Generative AI is a potential fulcrum for significant economic and societal change. As Mo Gawdat wrote in Scary Smart: The Future of Artificial Intelligence and How You Can Save the World, one day machines will likely be smarter in many ways—more knowledgeable, more able to assess risks and opportunities, more analytical, and more creative—than any individual on the planet. That would place humankind in a different place in the pecking order, potentially changing our perspective on how we view our role in the world. That moment, if it comes, is still years away. In the meantime, boards should approach AI with a steady hand, an open mind, clear values, and a culture of continuous human learning.

What’s next?

There are more reasons than not to be optimistic that we can manage the risks of AI while maximising its benefits. But we need to move fast.

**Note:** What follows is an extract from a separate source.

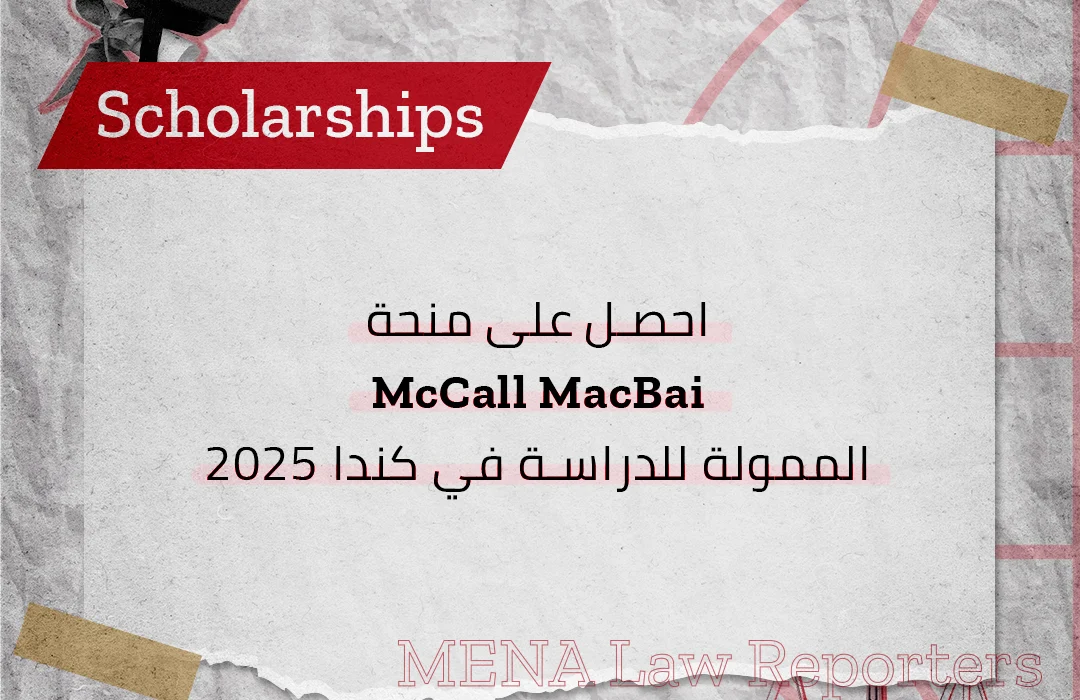 احصل على منحة McCall MacBain الممولة للدراسة في كندا 2025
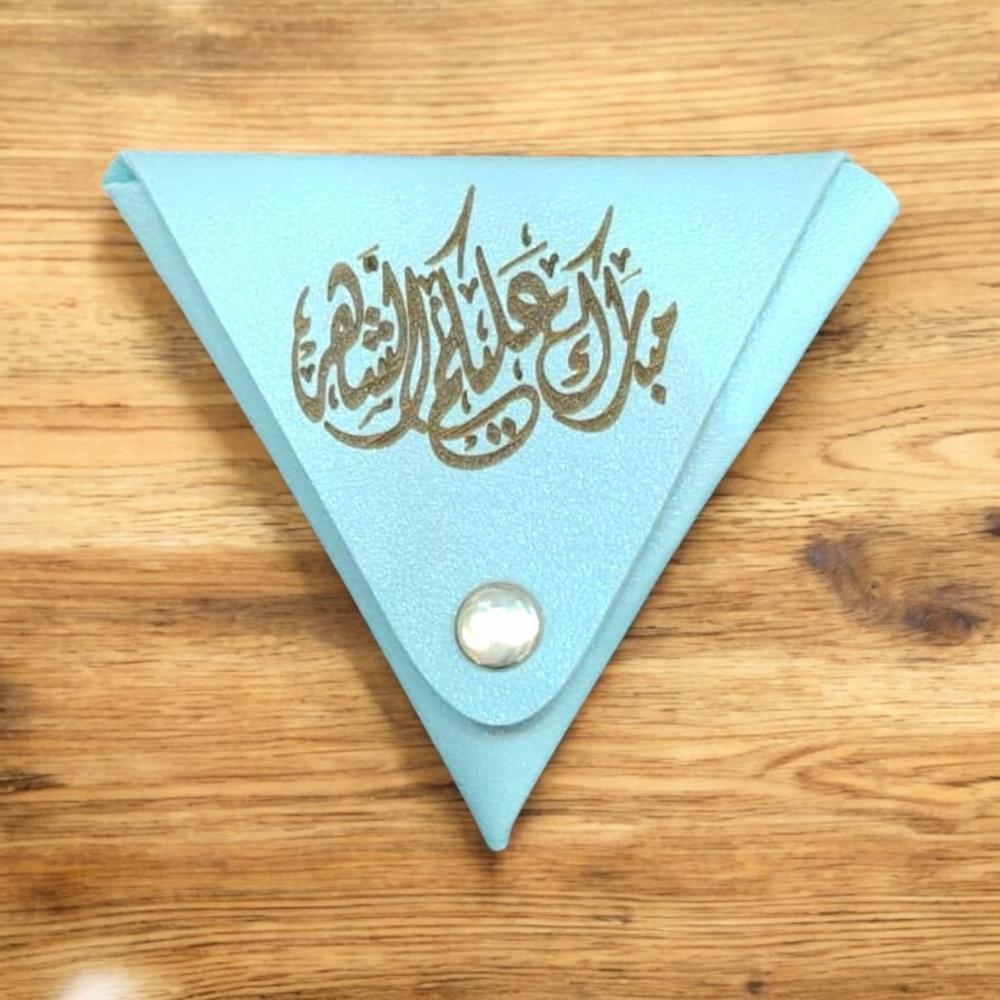 مجموعة من 12 قطعة من الجيوب الجلدية مع ثيم مبارك عليكم الشهر باللون الازرق الفاتح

Governments need to build up expertise in artificial intelligence so they can make informed laws and regulations that respond to this new technology. They’ll need to grapple with misinformation and deepfakes, security threats, changes to the job market, and the impact on education. To cite just one example: The law needs to be clear about which uses of deepfakes are legal and about how deepfakes should be labelled so everyone understands when something they’re seeing or hearing is not genuine.

Finally, boards should follow developments in AI as much as possible. It’s the most transformative innovation any of us will see in our lifetimes, and a healthy public debate will depend on everyone being knowledgeable about the technology, its benefits, and its risks. The benefits will be massive, and the best reason to believe that we can manage the risks is that we have done it before.